*** Records supplied ***

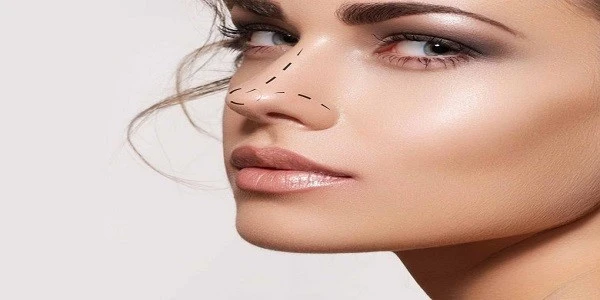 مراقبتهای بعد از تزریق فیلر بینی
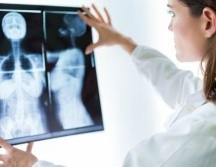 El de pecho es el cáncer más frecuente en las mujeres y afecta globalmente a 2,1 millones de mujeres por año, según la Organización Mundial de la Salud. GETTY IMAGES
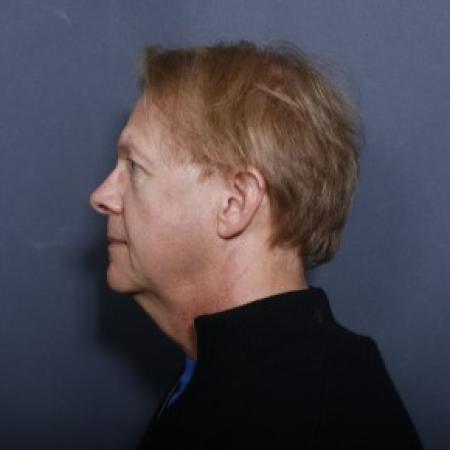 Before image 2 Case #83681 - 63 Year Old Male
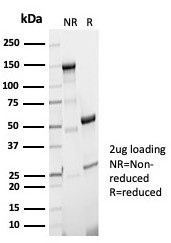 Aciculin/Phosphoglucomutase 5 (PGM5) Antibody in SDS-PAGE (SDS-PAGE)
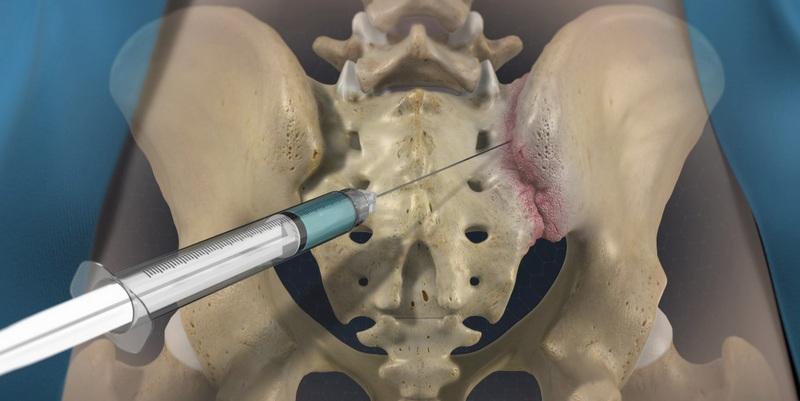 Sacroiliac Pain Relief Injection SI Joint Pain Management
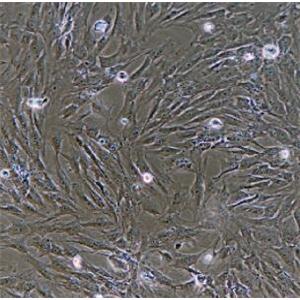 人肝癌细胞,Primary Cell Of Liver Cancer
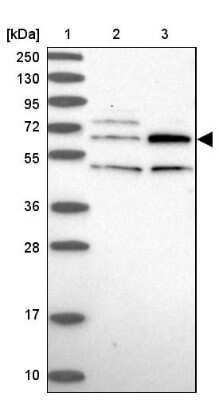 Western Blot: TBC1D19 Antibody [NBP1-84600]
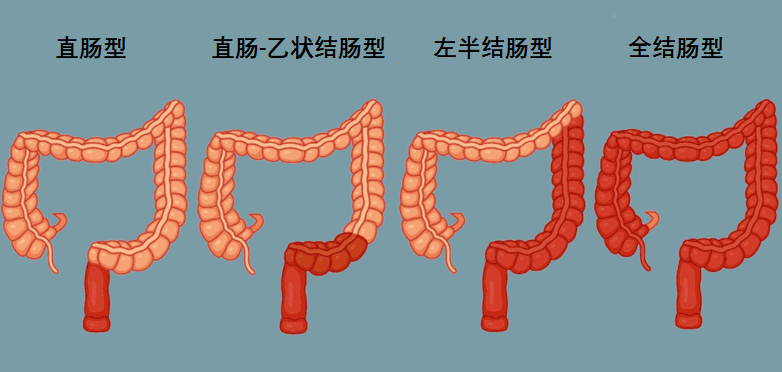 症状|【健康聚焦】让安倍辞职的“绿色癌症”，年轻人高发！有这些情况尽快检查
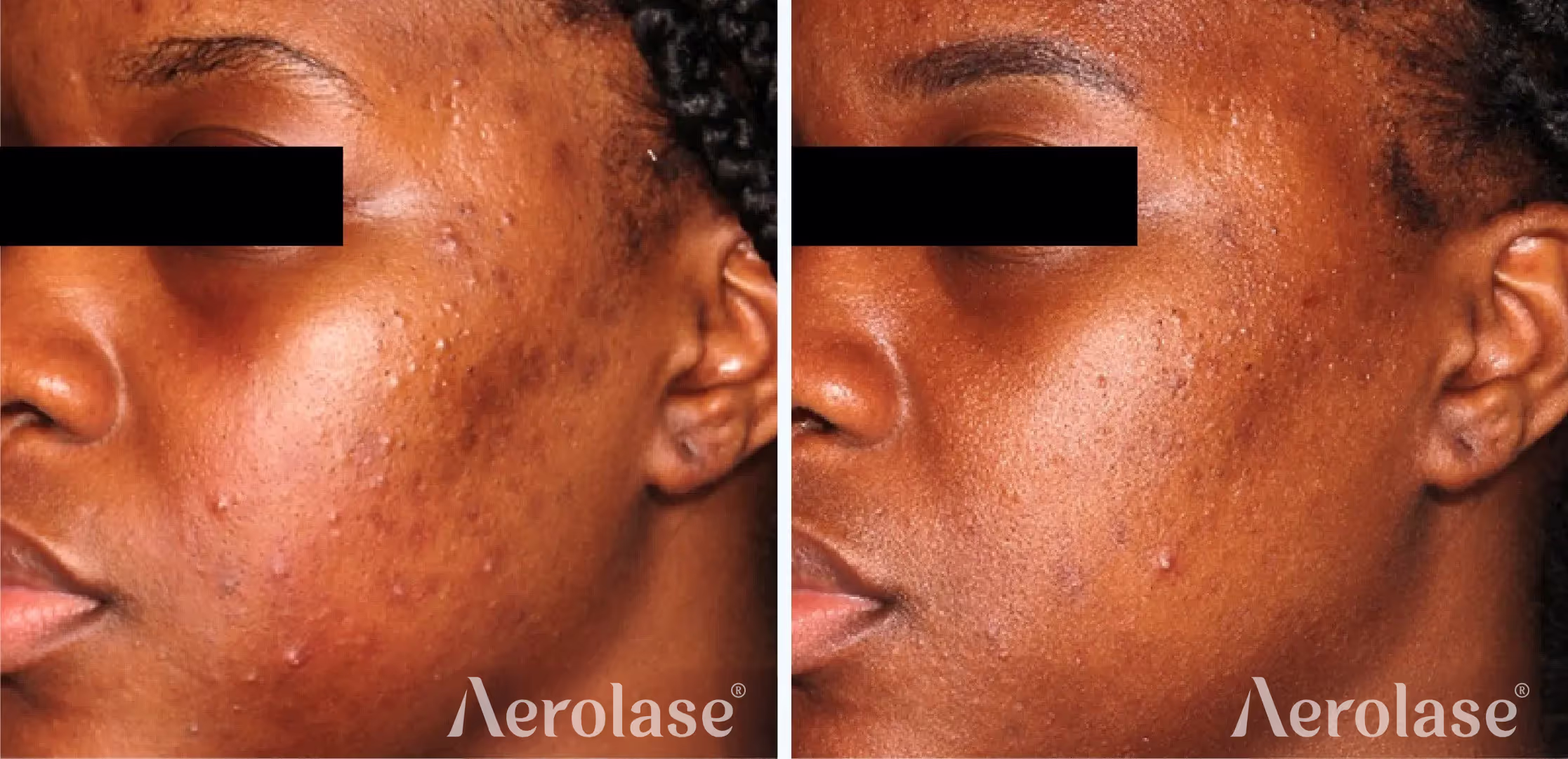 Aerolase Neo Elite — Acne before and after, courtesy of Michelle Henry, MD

*** End of Records supplied ***

- _Work item_
Restate word for word, and only, the lines from the line that contains "Before image 2" through the end of the data, both included; pictures are not part of the copy.

- _Exercise solution_
 Before image 2 Case #83681 - 63 Year Old Male
 Aciculin/Phosphoglucomutase 5 (PGM5) Antibody in SDS-PAGE (SDS-PAGE)
 Sacroiliac Pain Relief Injection SI Joint Pain Management
 人肝癌细胞,Primary Cell Of Liver Cancer
 Western Blot: TBC1D19 Antibody [NBP1-84600]
 症状|【健康聚焦】让安倍辞职的“绿色癌症”，年轻人高发！有这些情况尽快检查
 Aerolase Neo Elite — Acne before and after, courtesy of Michelle Henry, MD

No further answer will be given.